As we can see, in adults where at least one of them is 65 or older, 92% of these households have paid off their home loan in full. We are talking about households with retirees who are receiving a pension, these households often have a second home of their own (over 50% of people over 65 own a second home). At the next levels, and well behind, we find households with two adults under 65, where 52% of these households have a fully paid off home. Finally, in both two-adult-one-child and two-child households, the percentage of households with a fully paid off dwelling is less than 43%, namely 42.5% and 36.7% respectively.

In light of this whole situation, there are at least two questions worth asking, namely: 1) How did we arrive at this situation? and 2) What will the future situation be?
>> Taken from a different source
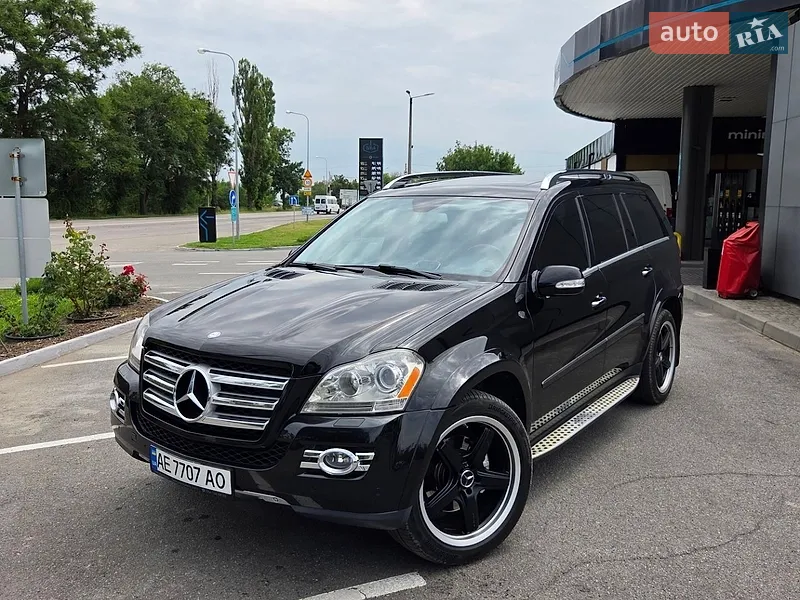 Mercedes-Benz GL-Class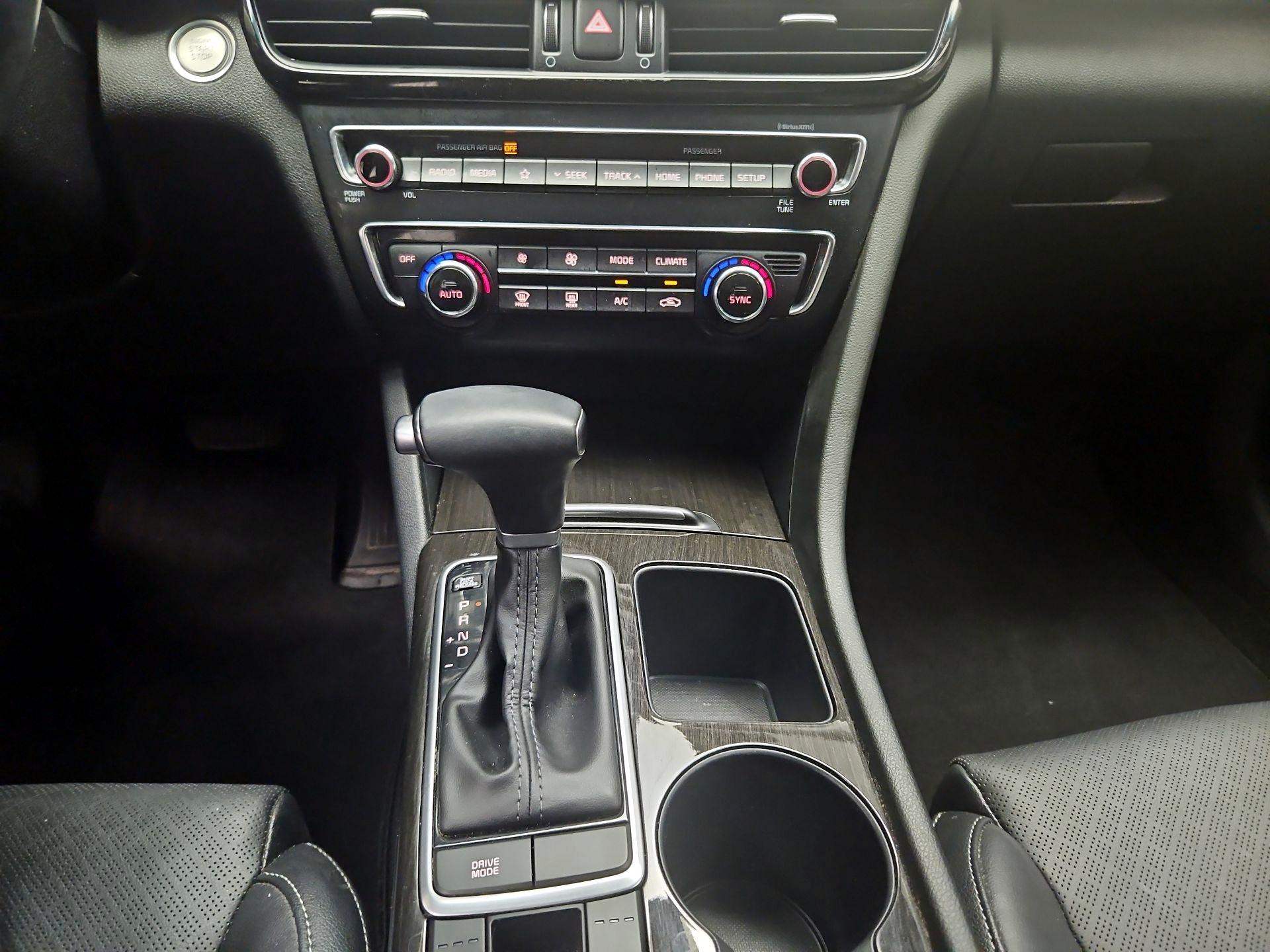Thumbnail: 2019 Kia Optima - 16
The first question can be answered very briefly by referring to the financial and real estate crisis of 2007, when the number of mortgages issued fell from 1.78 million in 2007 to a low of 315,535 in 2014, and currently stands at 558,210 mortgages issued. Other factors are also influential, such as the increase in the value of housing, which collapsed between 2008 and 2013, the impoverishment of society, whose real earnings are lower than in the 90s, the great instability in the labor market, etc.

As to the second question, the answer is that everything will depend on the measures currently in place, and unless there is an improvement in conditions for workers that will increase both productivity and wages, unless there is easier access to housing for young people, unless saving by adults under 55 is penalized and restricted, unless taxes are raised and public debt is increased to finance excessive public spending, unless new housing is allowed to be built where people x

In the end, if we don't want Spain to stop being a country of owners and turn into a country of proletarians, we have to go in the opposite direction to the one chosen more than 20 years ago.